» **What to do**: Without including any images, repeat the listing below exactly.

» **Data segment**:
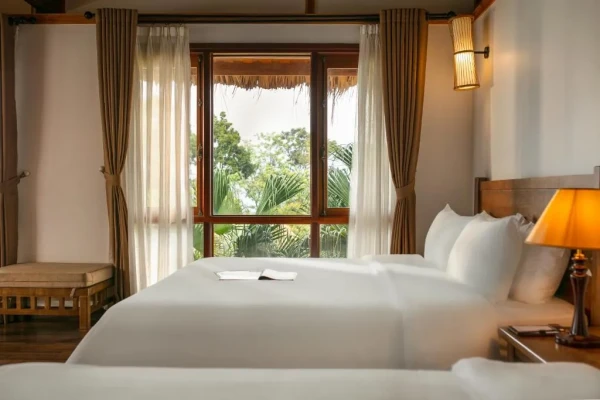 Ảnh chi tiết phòng mai-chau-hideaway-lake-resort-suite-gia-dinh-vivatrip.webp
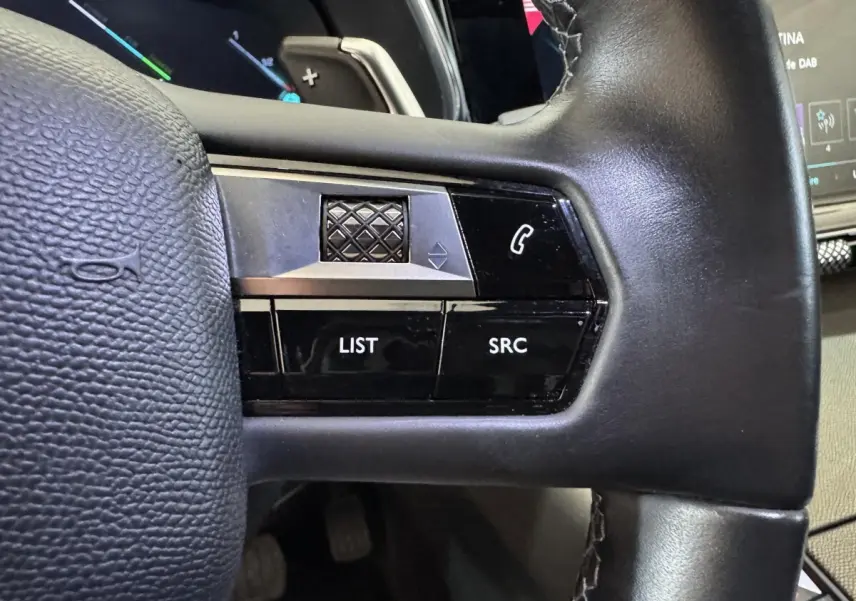 Gros plan sur les commandes gauche du volant cuir noir du DS7 Crossback E-TENSE 225 Bastille+ 2021.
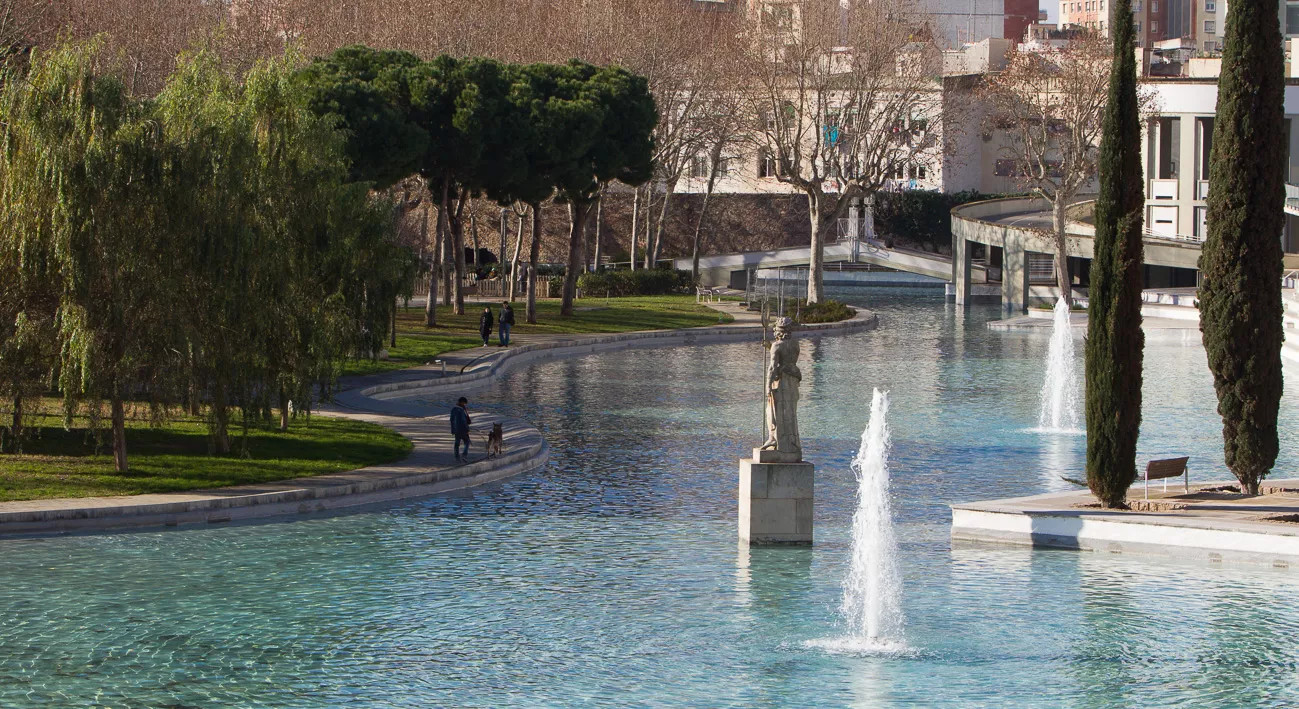 Lago del parque de la Espanya Industrial / AJ BCN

» **Response for this exercise**:
 Ảnh chi tiết phòng mai-chau-hideaway-lake-resort-suite-gia-dinh-vivatrip.webp
 Gros plan sur les commandes gauche du volant cuir noir du DS7 Crossback E-TENSE 225 Bastille+ 2021.
 Lago del parque de la Espanya Industrial / AJ BCN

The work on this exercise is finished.